Material shown:
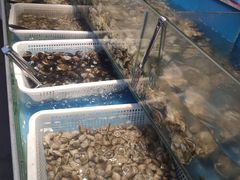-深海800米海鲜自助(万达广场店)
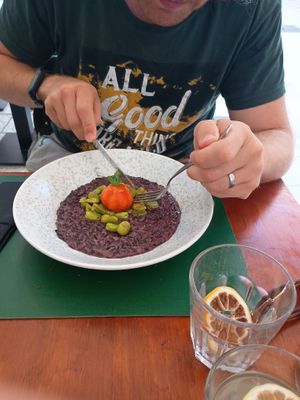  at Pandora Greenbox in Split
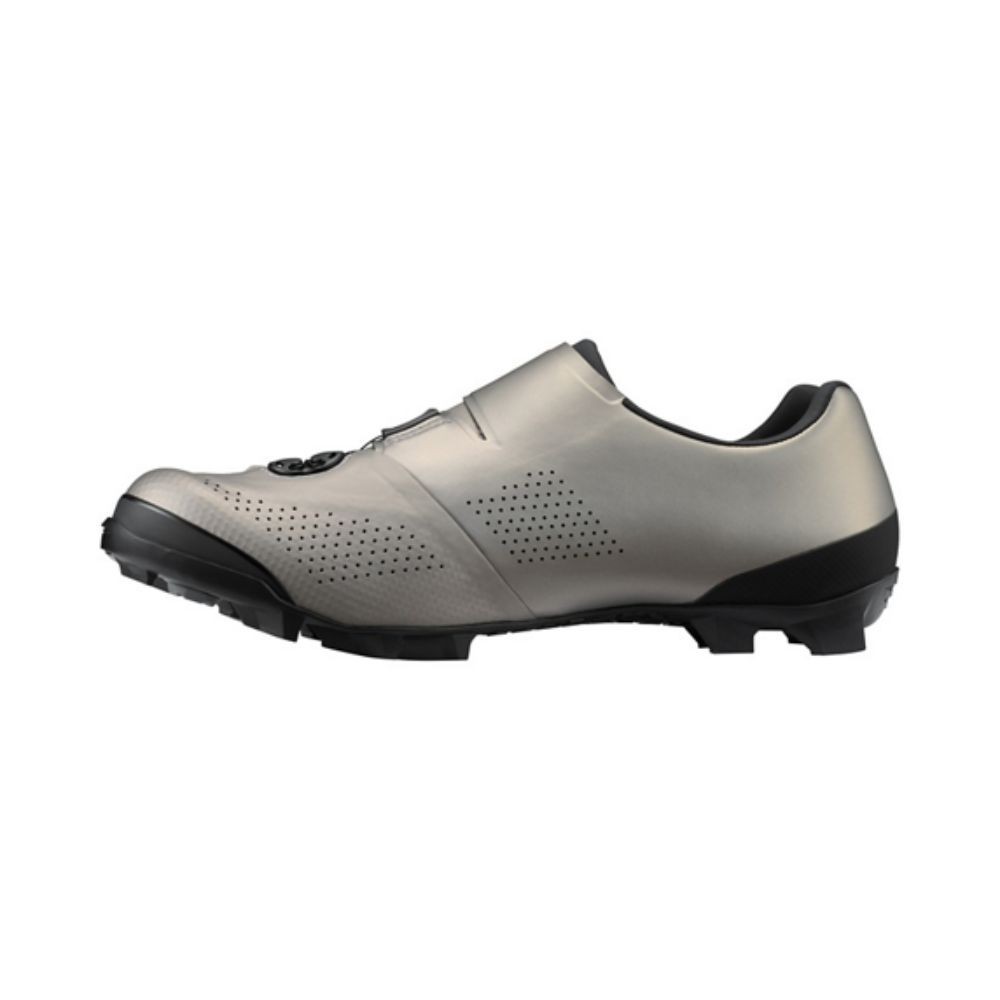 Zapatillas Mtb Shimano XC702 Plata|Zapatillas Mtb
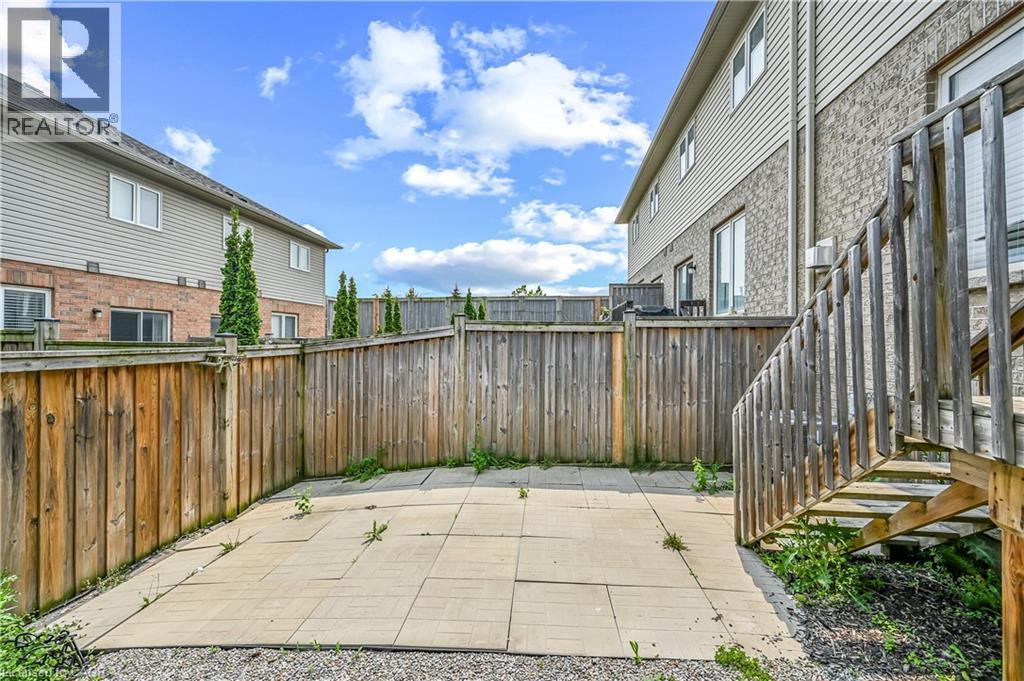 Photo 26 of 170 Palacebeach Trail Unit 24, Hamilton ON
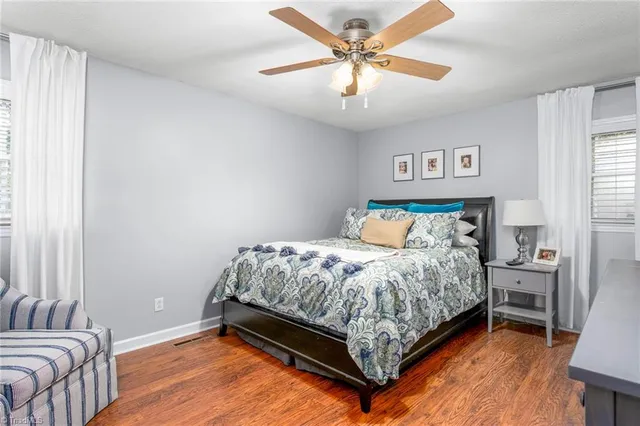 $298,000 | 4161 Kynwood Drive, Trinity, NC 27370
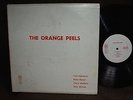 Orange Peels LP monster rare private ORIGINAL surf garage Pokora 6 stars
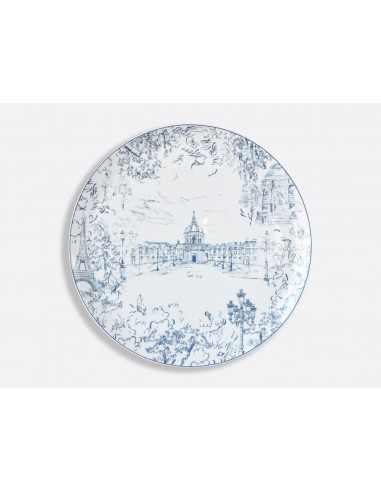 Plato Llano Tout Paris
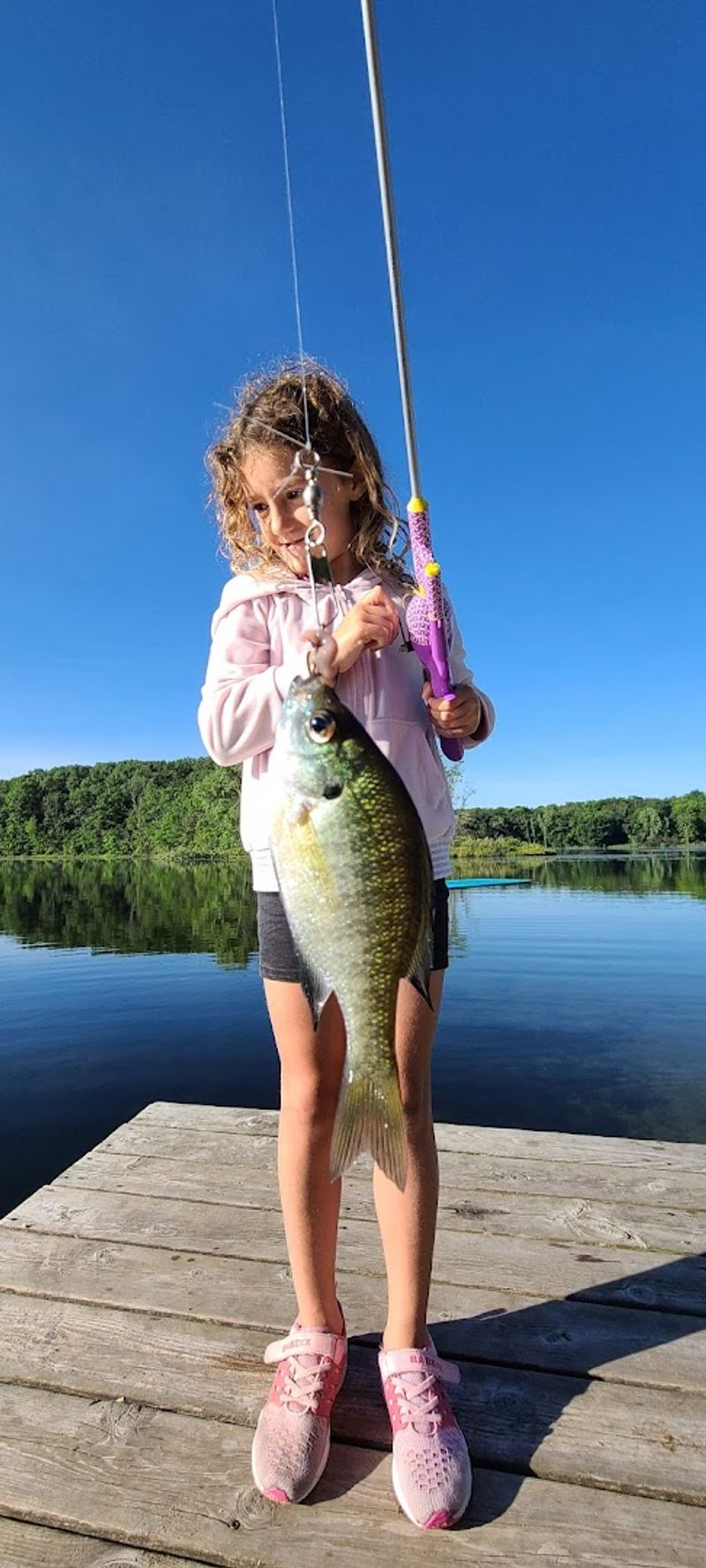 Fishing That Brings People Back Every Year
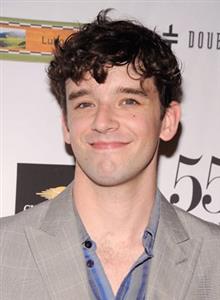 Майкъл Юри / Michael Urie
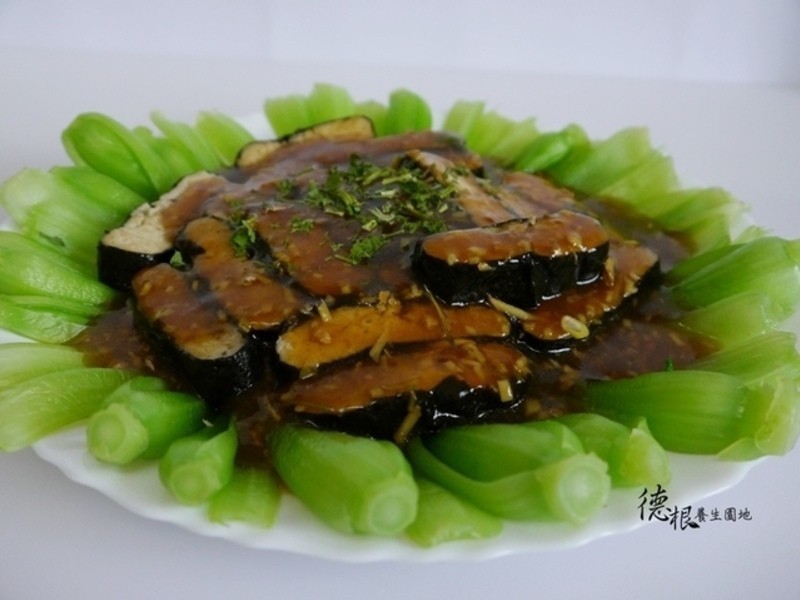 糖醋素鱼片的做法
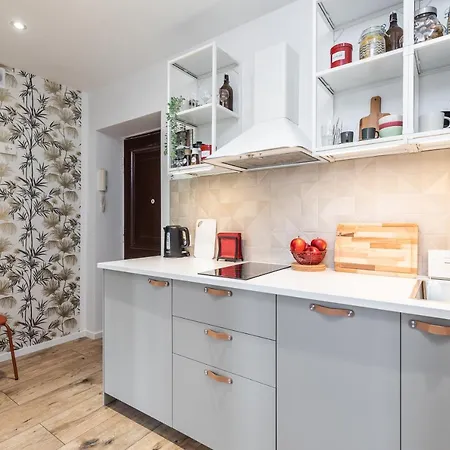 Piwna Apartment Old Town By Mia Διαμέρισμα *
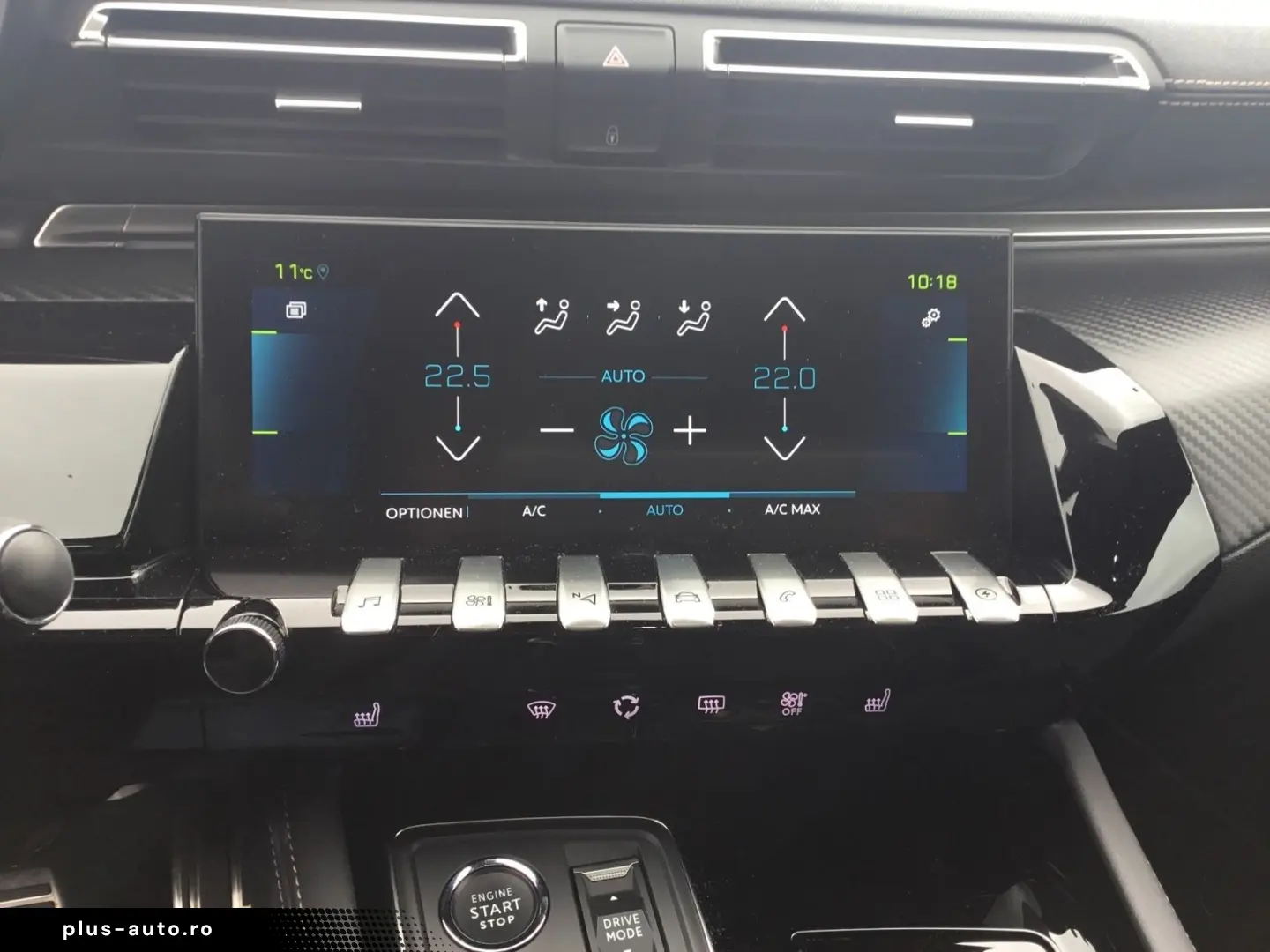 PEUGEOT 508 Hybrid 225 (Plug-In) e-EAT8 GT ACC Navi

Assignment:
Would you give the material back exactly, minus the pictures?

Answer to the exercise:
-深海800米海鲜自助(万达广场店)
  at Pandora Greenbox in Split
 Zapatillas Mtb Shimano XC702 Plata|Zapatillas Mtb
 Photo 26 of 170 Palacebeach Trail Unit 24, Hamilton ON
 $298,000 | 4161 Kynwood Drive, Trinity, NC 27370
 Orange Peels LP monster rare private ORIGINAL surf garage Pokora 6 stars
 Plato Llano Tout Paris
 Fishing That Brings People Back Every Year
 Майкъл Юри / Michael Urie
 糖醋素鱼片的做法
 Piwna Apartment Old Town By Mia Διαμέρισμα *
 PEUGEOT 508 Hybrid 225 (Plug-In) e-EAT8 GT ACC Navi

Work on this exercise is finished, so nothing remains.